Genau vor einer Woche ging es ab ins Krankenhaus wegen meines offenen linken Fußes und zumindest an jenem Tag hat es nicht gerade  gut ausgesehen. Mit einer Operation würde man nicht auskommen, war der Tenor, zwei würden es wohl werden.

Dienstag folgte dann die OP. Und was soll ich sagen? War wahrscheinlich mein Glückstag, denn es genügte eine Operation und die nicht einmal unter Vollnarkose.

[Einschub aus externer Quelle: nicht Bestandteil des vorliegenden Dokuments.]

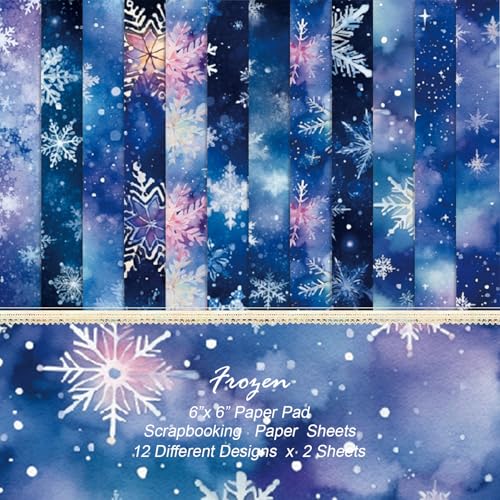 24 Blatt Schnee-Muster-Papier, 15,2 x 15,2 cm, Schnee-Thema, Scrapbooking-Zubehör, Papier, dekoratives Bastelpapier für selbstgemachte Kartenherstellung, Fotoalbum, Junk-Tagebuch, Dekor 24 Blatt Schnee-Muster-Papier, 15,2 x 15,2 cm, Schnee-Thema, Scrapbooking-Zubehör, Papier, dekoratives Bastelpapier für selbstgemachte Kartenherstellung, Fotoalbum, Junk-Tagebuch, Dekor von sorkwo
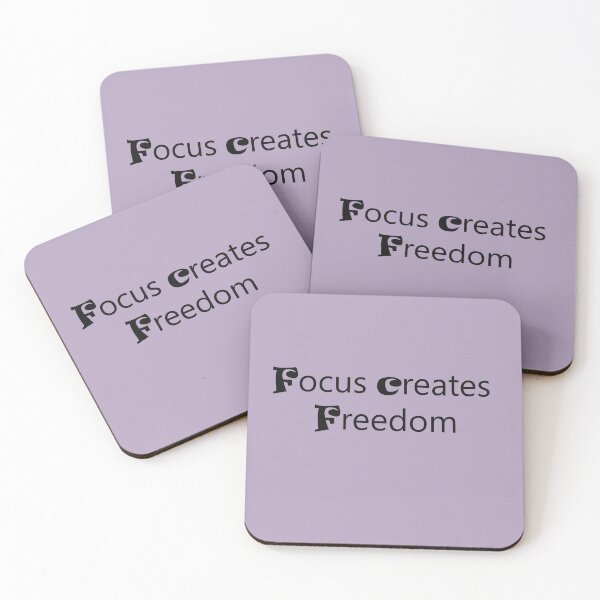 Item preview, Focus Creates Freedom – Motivational Mindset Quote designed and sold by ArtNestVerse.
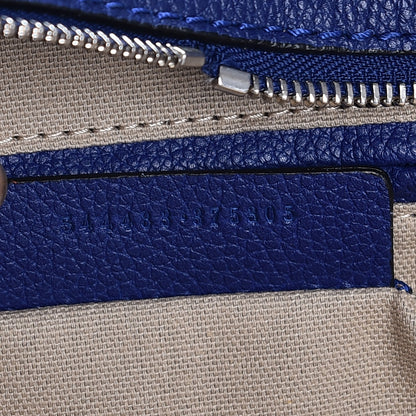 Alexander McQueen Pebbled Calfskin Large Skull Padlock Zip Around Tote Ultramarine 7 of 9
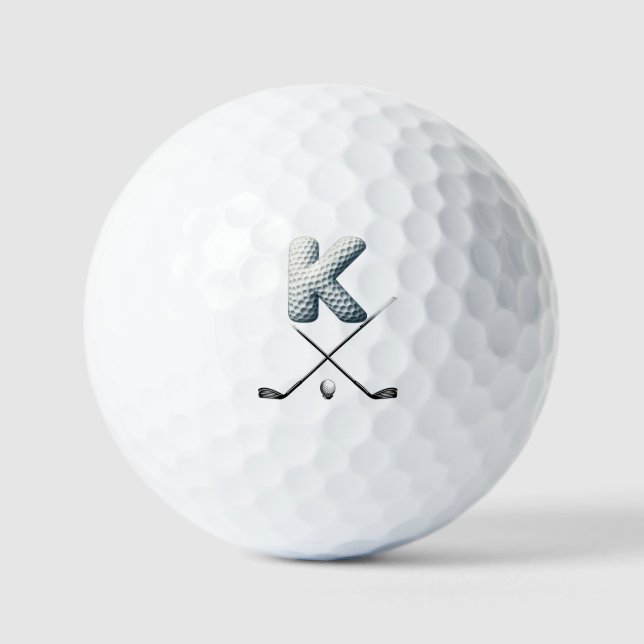 Holiday Golf Balls - Alpha-Number LETTER K (Front)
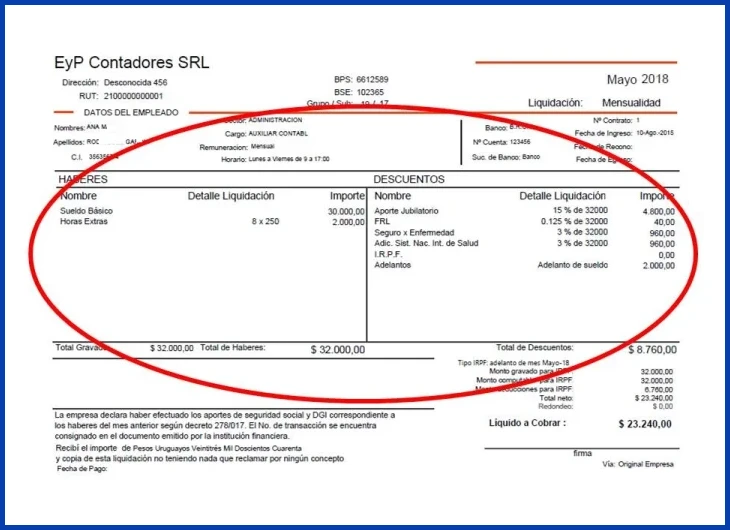 Diferencias entre sueldo nominal y líquido según el sector (público vs. privado)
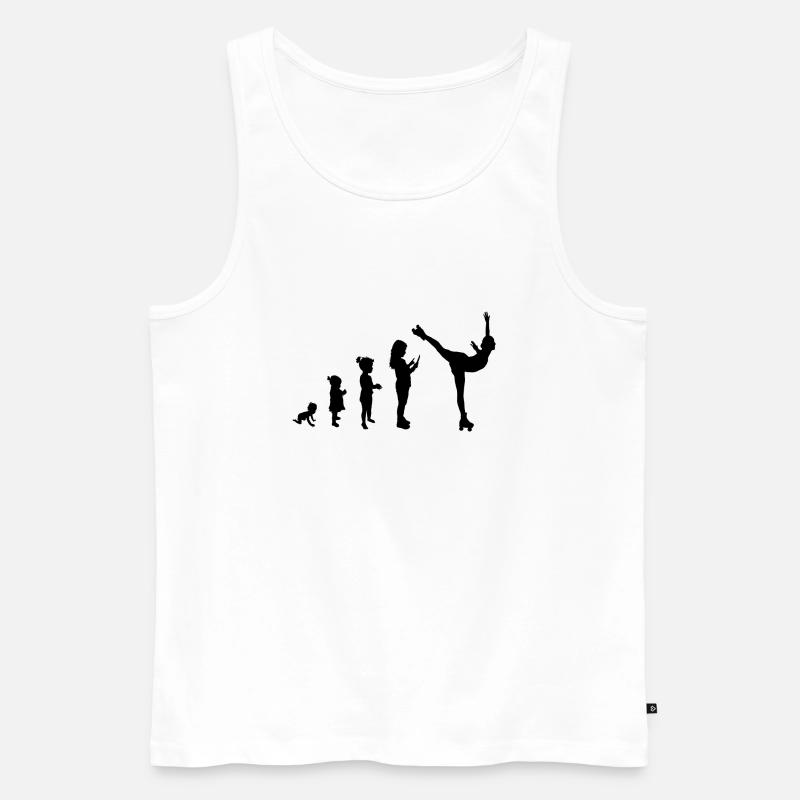 Evolution roller skating 1 - Men's Premium Organic Tank Top - white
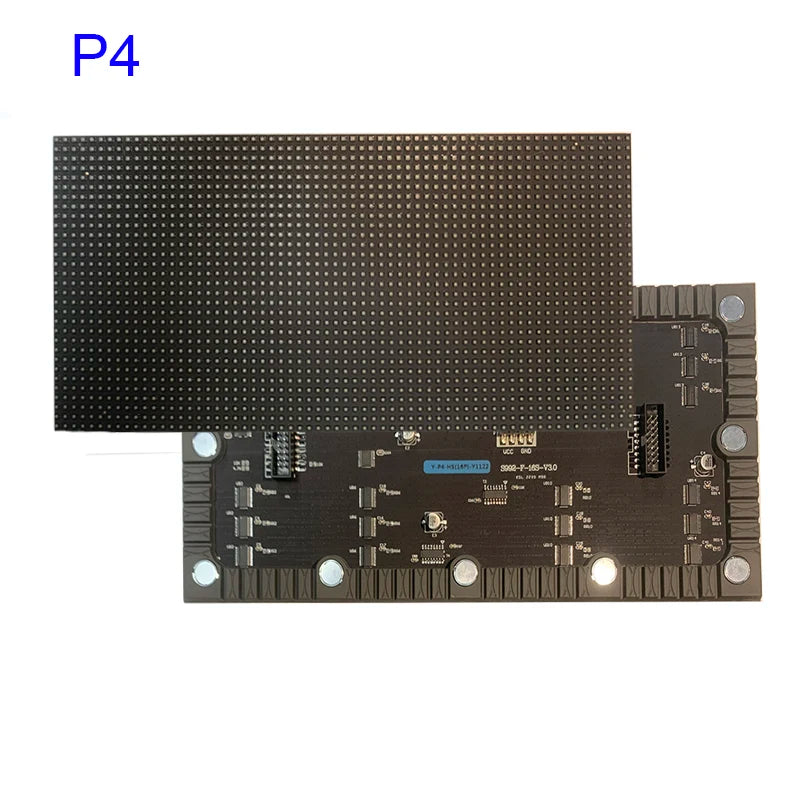 Indoor LED Soft Module P4 256X128mm Full Color Flexible Screen 64x32 Pixels SMD Lamp Matrix Panel Round Screen Bendable Display
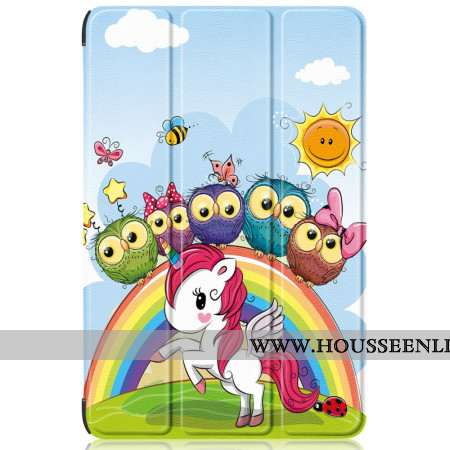 Smart Case Samsung Galaxy Tab S10 Plus / S9 Plus Porte-Stylet Licorne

Dazu muss ich anmerken, dass ich ab dem dritten Brustwirbel querschnittgelähmt bin und ab da nichts mehr spüre, das machte es einfacher.

Nun nach einer Woche ist die Prognose positiv, dass ich am folgenden Freitag nach Haue darf, immerhin. Dass ich dann noch einige Wochen im Krankenstand bleiben muss, das kenn ich alles schon. Ist seit meinem Unfall immerhin bereits die achte OP gewesen, mit anschließender Heilungsphase.

Weniger begeistert bin ich, dass jetzt bei mir Diabetes festgestellt worden ist, wie die Dekus auch eine Langzeitfolge meines Unfalls vor 14 Jahren. Muss mich erst daran gewöhnen, aber das wird schon mit der Zeit. Man gewöhnt sich schließlich an alles.